On 19/10/2023 04:04, Baolu Lu wrote:
> On 10/19/23 4:27 AM, Joao Martins wrote:
>> IOMMU advertises Access/Dirty bits for second-stage page table if the
>> extended capability DMAR register reports it (ECAP, mnemonic ECAP.SSADS).
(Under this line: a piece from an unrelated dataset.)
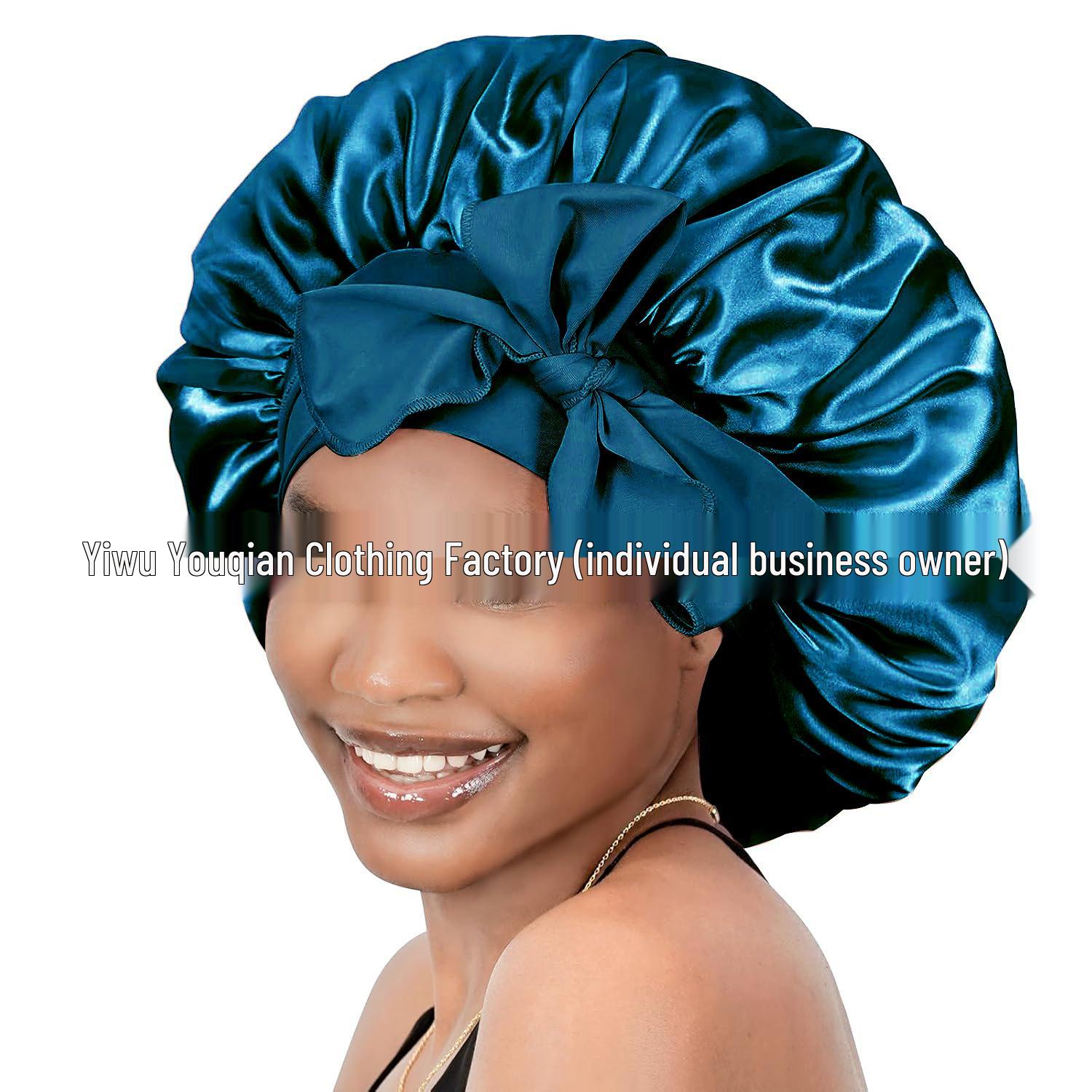 

Эластичная атласная шапочка для сна и душа с широкими полями для женщин – однотонная, большой размер Customizable Color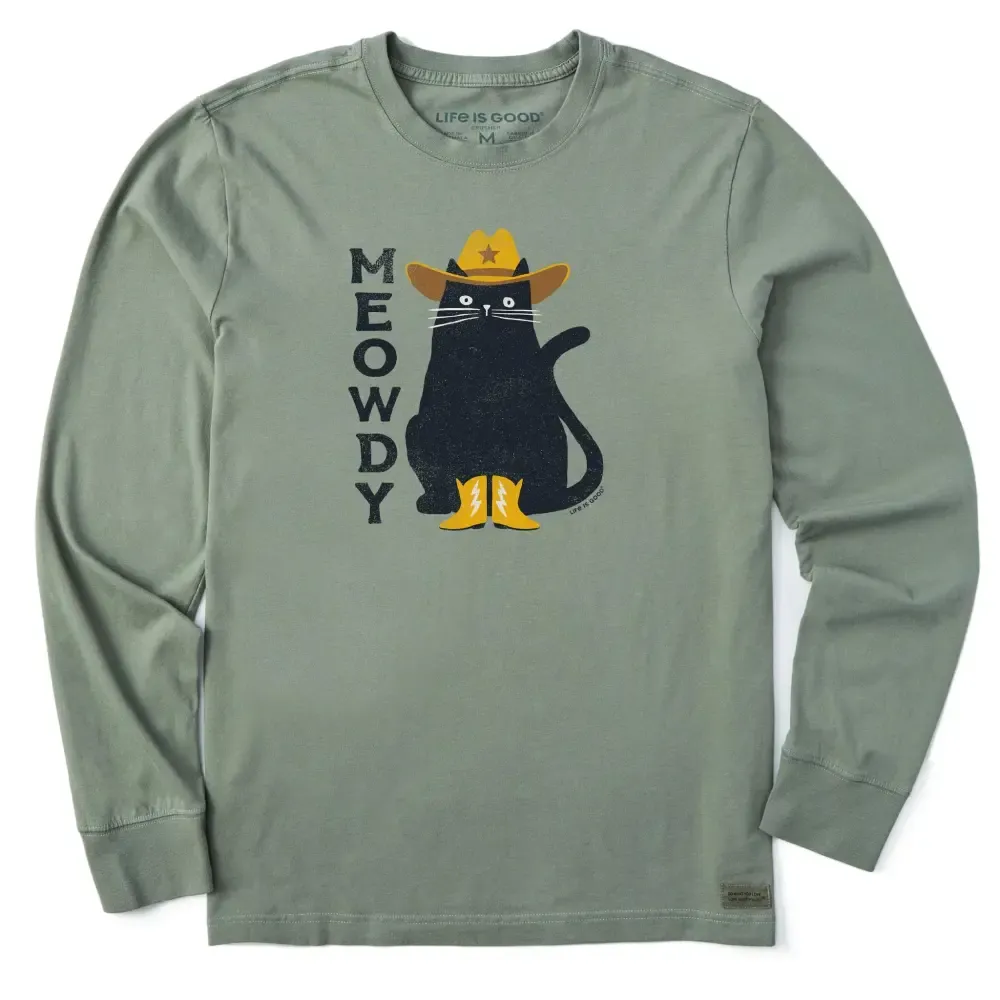 Men's Meowdy Cowboy Cat Long Sleeve Crusher Tee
>> The first stage table is compatible with CPU page table thus A/D bits are
>> implicitly supported. Relevant Intel IOMMU SDM ref for first stage table
>> "3.6.2 Accessed, Extended Accessed, and Dirty Flags" and second stage table
>> "3.7.2 Accessed and Dirty Flags".
>>
>> First stage page table is enabled by default so it's allowed to set dirty
>> tracking and no control bits needed, it just returns 0. To use SSADS, set
>> bit 9 (SSADE) in the scalable-mode PASID table entry and flush the IOTLB
>> via pasid_flush_caches() following the manual. Relevant SDM refs:
>>
>> "3.7.2 Accessed and Dirty Flags"
>> "6.5.3.3 Guidance to Software for Invalidations,
>>   Table 23. Guidance to Software for Invalidations"
>>
>> PTE dirty bit is located in bit 9 and it's cached in the IOTLB so flush
>> IOTLB to make sure IOMMU attempts to set the dirty bit again. Note that
>> iommu_dirty_bitmap_record() will add the IOVA to iotlb_gather and thus the
>> caller of the iommu op will flush the IOTLB. Relevant manuals over the
>> hardware translation is chapter 6 with some special mention to:
>>
>> "6.2.3.1 Scalable-Mode PASID-Table Entry Programming Considerations"
>> "6.2.4 IOTLB"
>>
>> Select IOMMUFD_DRIVER only if IOMMUFD is enabled, given that IOMMU dirty
>> tracking requires IOMMUFD.
>>
>> Signed-off-by: Joao Martins <joao.m.martins@xxxxxxxxxx>
>> ---
>>   drivers/iommu/intel/Kconfig |   1 +
>>   drivers/iommu/intel/iommu.c | 104 +++++++++++++++++++++++++++++++++-
>>   drivers/iommu/intel/iommu.h |  17 ++++++
>>   drivers/iommu/intel/pasid.c | 109 ++++++++++++++++++++++++++++++++++++
>>   drivers/iommu/intel/pasid.h |   4 ++
>>   5 files changed, 234 insertions(+), 1 deletion(-)
>>
>> diff --git a/drivers/iommu/intel/Kconfig b/drivers/iommu/intel/Kconfig
>> index 2e56bd79f589..f5348b80652b 100644
>> --- a/drivers/iommu/intel/Kconfig
>> +++ b/drivers/iommu/intel/Kconfig
>> @@ -15,6 +15,7 @@ config INTEL_IOMMU
>>       select DMA_OPS
>>       select IOMMU_API
>>       select IOMMU_IOVA
>> +    select IOMMUFD_DRIVER if IOMMUFD
>>       select NEED_DMA_MAP_STATE
>>       select DMAR_TABLE
>>       select SWIOTLB
>> diff --git a/drivers/iommu/intel/iommu.c b/drivers/iommu/intel/iommu.c
>> index 017aed5813d8..405b459416d5 100644
>> --- a/drivers/iommu/intel/iommu.c
>> +++ b/drivers/iommu/intel/iommu.c
>> @@ -300,6 +300,7 @@ static int iommu_skip_te_disable;
>>   #define IDENTMAP_AZALIA        4
>>     const struct iommu_ops intel_iommu_ops;
>> +const struct iommu_dirty_ops intel_dirty_ops;
>>     static bool translation_pre_enabled(struct intel_iommu *iommu)
>>   {
>> @@ -4077,10 +4078,12 @@ static struct iommu_domain
>> *intel_iommu_domain_alloc(unsigned type)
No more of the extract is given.